We allocate room for a CPU write buffer so we can schedule RAM writes to
the RAM lists of RIDs so as to minimize the randomness of them.

When we are finished scanning the data set from HD, the sorted node with
RID lists for each Key value contains the sort order for the whole data set.

Notice that almost all of the random data access is occuring within the CPU
rather than in RAM or HD, and that we are accessing RAM or HD only when
absolutely needed.

Next simplest case: Multiple nodes, but they all fit in the CPU cache(s).
In the given example CPU, we will be able to fit at least 1000 elements per
node and 2^20/2^16= up to 16 such nodes in this CPU.  We use a node's
worth of space as a RAM write buffer, so we end up with room for 15 such
nodes in this CPU.  This is enough for a 2 level index to at least 15,000
distinct Key value lists.

All of the traditional tricks for splitting a Btree node and redistributing
elements within them during insertion or splitting for maximum node
utilization can be used here.

The most general case: There are too many nodes to fit within the CPU
cache(s).  The root node now points to a maximum of at least 1000 nodes
since each element in the root node points to another node.  A full 2 level
index is now enough to point to at least 10^6 distinct Key value lists, and
3 levels will index more distinct Key values than is possible in our 1TB, 
500M record example.

We can use some sort of node use prediction algorithm like LFU to decide
which node should be moved out of CPU when we have to replace one of
the nodes in the CPU.  The nodes in RAM or on HD can be arranged to
maximize streaming IO behavior and minimize random access IO
behavior.

As you can see, both the RAM and HD IO are as minimized as possible,
and what such IO there is has been optimized for streaming behavior.

 
Can you draw a picture of it for me?  (I am dyslexic and understand things
far better when I can visualize it).

Not much for pictures.  Hopefully the explanation helps?

Ron

---(end of broadcast)---
TIP 5: don't forget to increase your free space map settings


Re: [HACKERS] [PERFORM] A Better External Sort?

2005-09-27 Thread Ron Peacetree
SECOND ATTEMPT AT POST.  Web mailer appears to have
eaten first one.  I apologize in advance if anyone gets two
versions of this post.
=r

From: Tom Lane [EMAIL PROTECTED]
Sent: Sep 26, 2005 9:42 PM
Subject: Re: [HACKERS] [PERFORM] A Better External Sort? 

So far, you've blithely assumed that you know the size of a cache line,
the sizes of L1 and L2 cache,

NO.  I used exact values only as examples.  Realistic examples drawn
from an extensive survey of past, present, and what I could find out
about future systems; but only examples nonetheless.  For instance,
Hennessy and Patterson 3ed points out that 64B cache lines are
optimally performing for caches between 16KB and 256KB.  The same
source as well as sources specifically on CPU memory hierarchy
design points out that we are not likely to see L1 caches larger than
256KB in the forseeable future.

The important point was the idea of an efficient Key, rather than
Record, sort using a CPU cache friendly data structure with provably
good space and IO characteristics based on a reasonable model of
current and likely future single box computer architecture (although
it would be fairly easy to extend it to include the effects of
networking.)

No apriori exact or known values are required for the method to work.

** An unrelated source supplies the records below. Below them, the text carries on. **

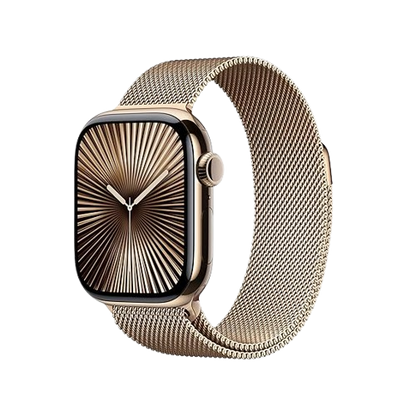 Apple Watch Series 10 GPS + Cellular 42mm Gold Titanium Case with Gold Milanese Loop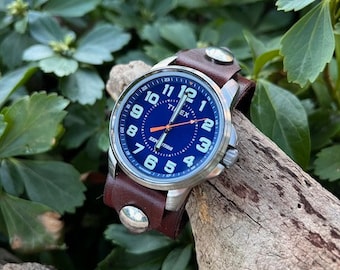 Timex-Leather Watch-Rugged Watch-Fossil-Leather Cuff-Big Watch-Custom Watch-Handmade Watch-Sundance-Rugged-Throwback-Bohemian-Fine Leather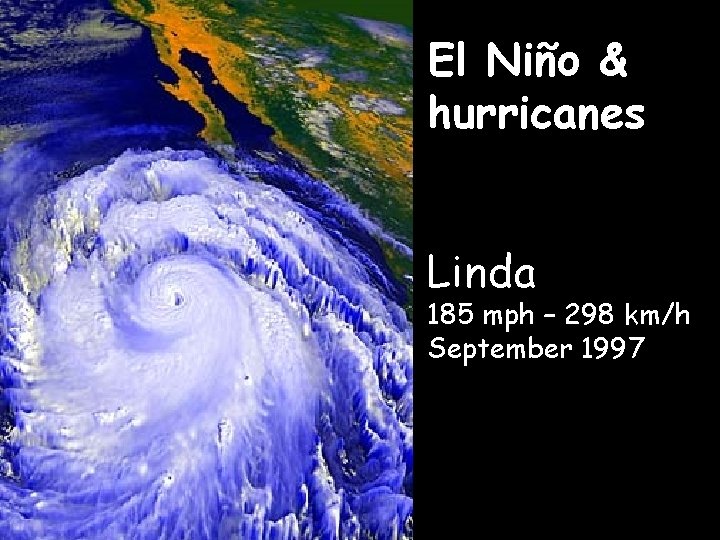 El Niño & hurricanes Linda 185 mph – 298 km/h September 1997 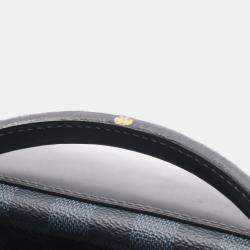 Pre Owned Louis Vuitton Cabas Voyage Tote Bag  Damier Cobalt Canvas Leather Navy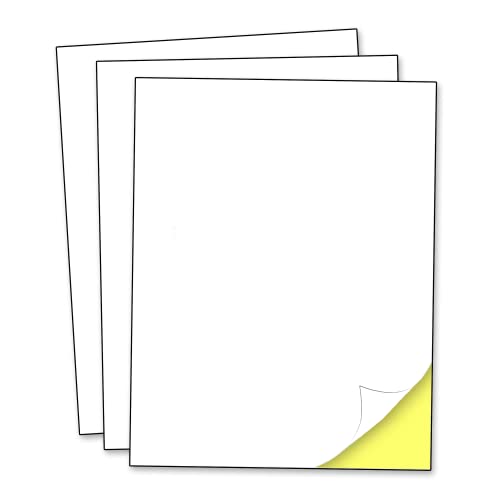 40 hojas – Papel adhesivo para impresora, etiquetas blancas imprimibles para inyección de tinta e impresión láser – 8.5 x 11 pulgadas
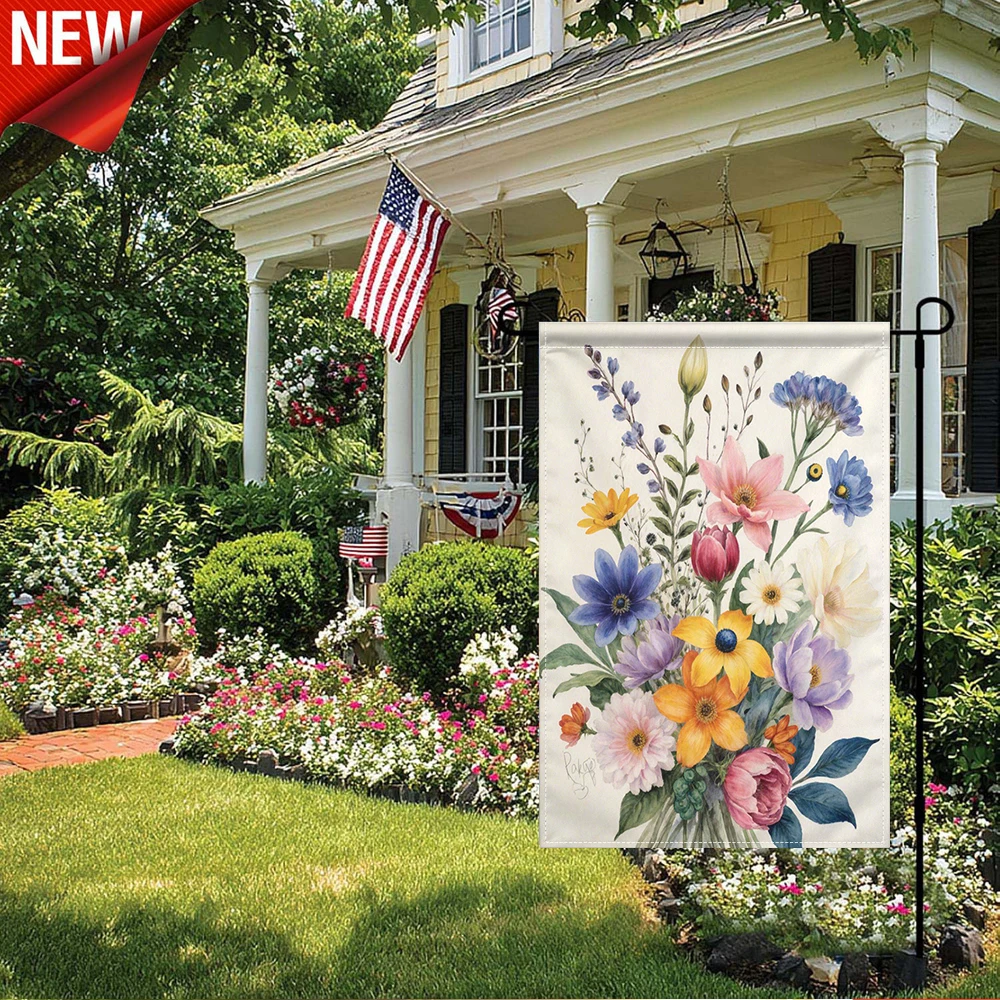 

1PC, Watercolor Wildflower Bouquet Garden Flag Colorful Floral Outdoor Yard Decorative Flag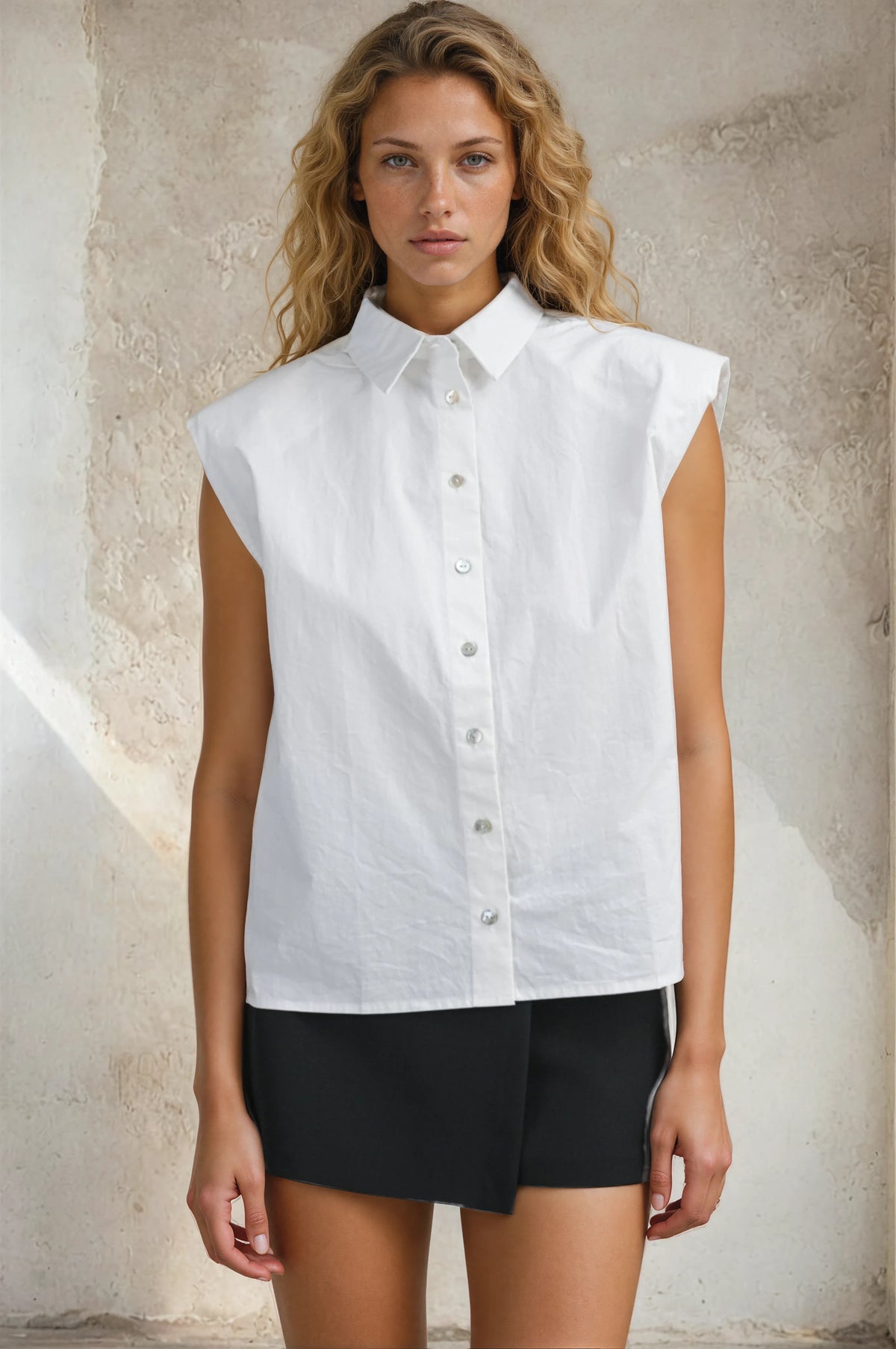 Power Shoulder Sleeveless Shirt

and that you are working with sort keys that you can efficiently pack
into cache lines.

Not pack.  map.  n items can not take on more than n values.  n
values can be represented in lgn bits.  Less efficient mappings can
also work.  Either way I demonstrated that we have plenty of space in
a likely and common cache line size.  Creating a mapping function
to represent m values in lgm bits is a well known hack, and if we keep
track of minimum and maximum values for fields during insert and
delete operations, we can even create mapping functions fairly easily.
(IIRC, Oracle does keep track of minimum and maximum field
values.)


And that you know the relative access speeds of the caches and
memory so that you can schedule transfers,

Again, no.  I created a reasonable model of a computer system that
holds remarkably well over a _very_ wide range of examples.  I
don't need the numbers to be exactly right to justify my approach
to this problem or understand why other approaches may have
downsides.  I just have to get the relative performance of the
system components and the relative performance gap between them
reasonably correct.  The stated model does that very well.

Please don't take my word for it.  Go grab some random box:
laptop, desktop, unix server, etc and try it for yourself.  Part of the
reason I published the model was so that others could examine it.
 

and that the hardware lets you get at that transfer timing.

Never said anything about this, and in fact I do not need any such.


And that the number of distinct key values isn't very large.

Quite the opposite in fact.  I went out of my way to show that the
method still works well even if every Key is distinct.  It is _more
efficient_ when the number of distinct keys is small compared to
the number of data items, but it works as well as any other Btree
would when all n of the Keys are distinct.  This is just a CPU cache
and more IO friendly Btree, not some magical and unheard of
technique.  It's just as general purpose as Btrees usually are.

I'm simply looking at the current and likely future state of computer
systems architecture and coming up with a slight twist on how to use
already well known and characterized techniques. not trying to start
a revolution.


I'm trying very hard NOT to waste anyone's time around here.
Including my own
Ron 

---(end of broadcast)---
TIP 5: don't forget to increase your free space map settings


[HACKERS] [PERFORM] A Better External Sort?

2005-09-26 Thread Ron Peacetree
From: Ron Peacetree [EMAIL PROTECTED]
Sent: Sep 24, 2005 6:30 AM
Subject: Re: [HACKERS] [PERFORM] Releasing memory during External sorting?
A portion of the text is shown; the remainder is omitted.